Cuando Adriana se despertó, aún desnuda, al cabo de pocos minutos, lo encontró de pie al lado de la cama, completamente vestido.
—Me voy —dijo él.
—Será mejor —musitó la mujer débilmente—. Si no, esas lobas de abajo te van a destrozar. Pero, escúchame, por favor… Nunca, nunca, ni en la Administración, ni en ningún sitio, he sentido lo mismo que contigo. He tenido dos hijas ya, y no me arrepiento. Pero si tuviera un hijo, no sé si dejaría que hicieran con él lo que harán contigo…
Otra Giovanna la Nera. Otro caso igual.
—Me voy, Adriana.
—Sí, claro que sí. Yo te diré por dónde puedes salir sin que te vean. Tom, querría tener dinero, fortuna, todo… y serías sólo para mí… Pero sólo una de las Nueve o alguna de esa clase puede tenerte. ¡Tom, te quiero! ¿Te acordarás de mí?
—Quiero marcharme —insistió Tom tercamente.
—Claro que sí, amor. No voy a permitir yo que… Menudas measmos, las de abajo. Y a mí no me desbridaron ayer… ¡Recuérdame, por favor! ¡Dime que no lo hubieras hecho con otra!
—Huh —dijo Tom.
—¿Quieres unas liras? ¡Toma, todo lo que tengo!
Metió entre las sudorosas manos de Tom un lío de billetes mugrientos.
—Ven conmigo, tesoro.
Tenía Adriana lágrimas en los ojos, y le contemplaba con una dulzura tan singular que Tom estuvo a punto de ablandarse. Pero no; lo que quería era marcharse de allí, y cuanto antes. Si las demás iban a someterle al mismo sudoroso tratamiento, mejor era largarse, y de prisa.

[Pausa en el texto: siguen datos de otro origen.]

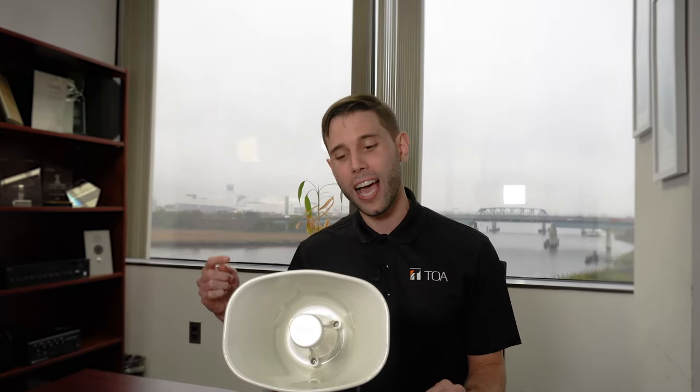Hey guys, welcome. Eric here, product specialist with TOA Electronics. What a great day to show you guys our new IP A1 SC15 IP horn speaker, ready to roll into your integrated SIP-based systems or your new NSP80, MS, and AS1 units. Here we go guys, let's dig in — we'll check it out, stay tuned.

Le acompañó ella por otra escalera estrechita, hasta una pequeña habitación en el piso de abajo. Salió un momento y le alcanzó su neceser. «Se han dormido, amor… han bebido demasiado… Vete y no olvides a Adriana… Me diste un placer como ningún otro… ¿Te lo di yo a ti?».
Tom no contestó. Agarró con fuerza su neceser, y esperó. Ella abrió una puertecita en el muro. Amanecía. Su rostro de rasgos sin finura parecía suavizado y dulce.
—-Mira allí; sí, allí, lejos. Es San Cataldo. Supongo que te has escapado de la Administración. Malo es, pero es mejor que te destrocen todas las lobas que te topes en el camino… Ve allí; cuídate, tesoro. No te olvidaré.
Tom no quiso rechazar el húmedo beso de despedida de Adriana. No comprendía muy bien la ternura actual de esta mujer, comparada con el comportamiento anterior de todas ellas. Era aún demasiado joven y no sabía lo que realizar el amor a tiempo puede significar para una persona, aunque sea una vulgar Adriana, vigilante de los sembrados, inculta y aparentemente sin sentimientos.